Andreas Delfs conducted several recording sessions with the Milwaukee Symphony Orchestra during his 12-year tenure as music director. Although he was sometimes criticized for cautious programming, his final CD with the MSO ventured into the less familiar symphonic world of contemporary music.
Puerto Rican composer Roberto Sierra infuses the Caribbean rhythms of his island home into the classical symmetry. He also has a long-standing tie with the MSO, which performed the world premiere of his Jubilo at Carnegie Hall in 1987. Growing up before Vatican II opened the Roman Catholic Church and gutted its music, Sierra was profoundly moved by the mystery of the old Latin mass. Like composers from Mozart through Bernstein, the form of the mass provided him with a framework for inspiration.

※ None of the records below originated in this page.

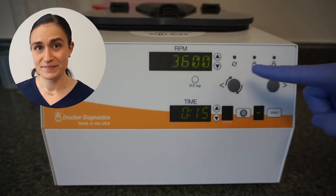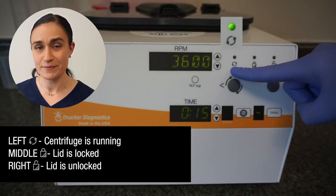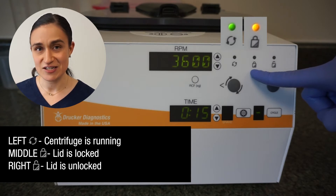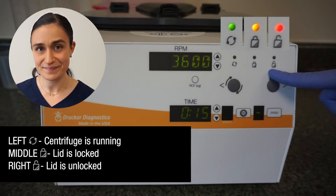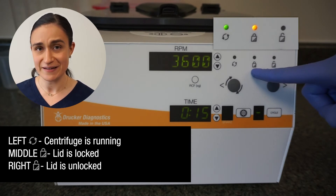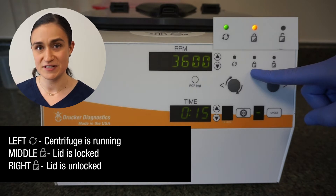To the right of that, we have our indicator lights. The left-hand light lights up when the centrifuge is spinning. The center light lights up whenever the centrifuge lid lock is engaged. And the right-hand side lights up to indicate that the lid latch is unlocked. The two lights on the left and middle are commonly illuminated at the same time, because the lid lock will automatically engage whenever the centrifuge rotor is spinning.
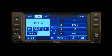Select Scan for a 5-second preview of each listenable station in the frequency band. Touch the Scan soft key again to stop the scan function and to select a radio station. Your audio system allows you to store your favorite radio stations to a convenient one-touch preset.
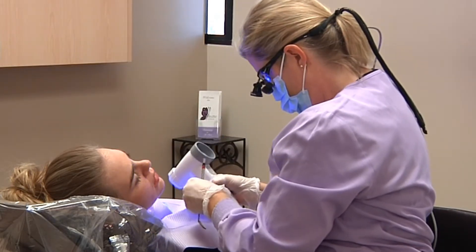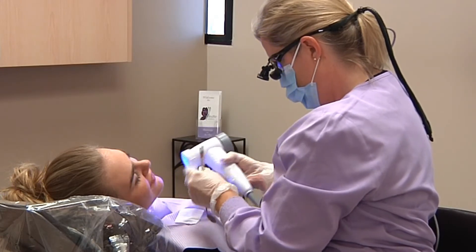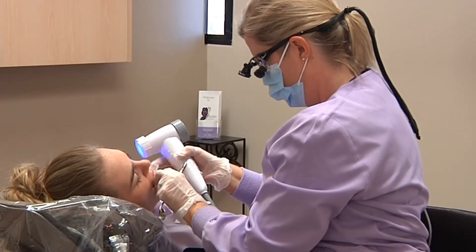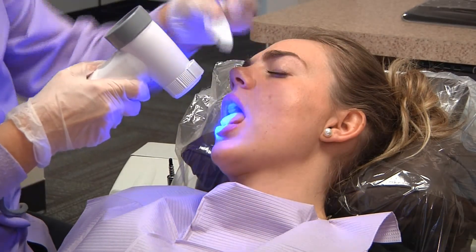I'm going to have you stick your tongue out at me. I'm going to grab it with the gauze just for a moment — go ahead and stick your tongue out. This is letting me see the floor of your mouth more clearly.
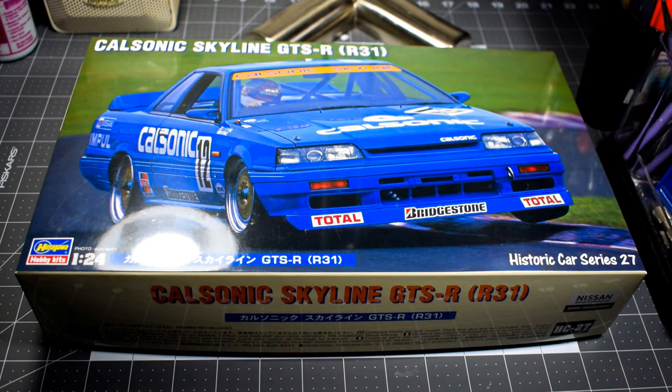I have James at Scale Finishes mixing me up the Cal Sonic blue, which isn't technically Cal Sonic blue from my understanding — it's a Nissan blue that has been used for Cal Sonic. As soon as he gets that to me I can get started painting the body, but I'm only going to use that paint on the body. Everything else I'm going to use Tamiya TS-44 Brilliant Blue, since pretty much everything on this kit has to be painted blue.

Sierra's Missa Latina Pro Pace, recorded by the MSO and Chorus under Delfs (and released on the Naxos imprint), is a richly threaded tapestry balancing the solemn hues of the Tridentine rite with the colorful rhythms of Puerto Rico. It honors both traditions. Of necessity, the Symphony Chorus is given pride of place as the choir enveloping soprano Heidi Grant Murphy and baritone Nathaniel Webster in the star singers' operatic interpretations of the text.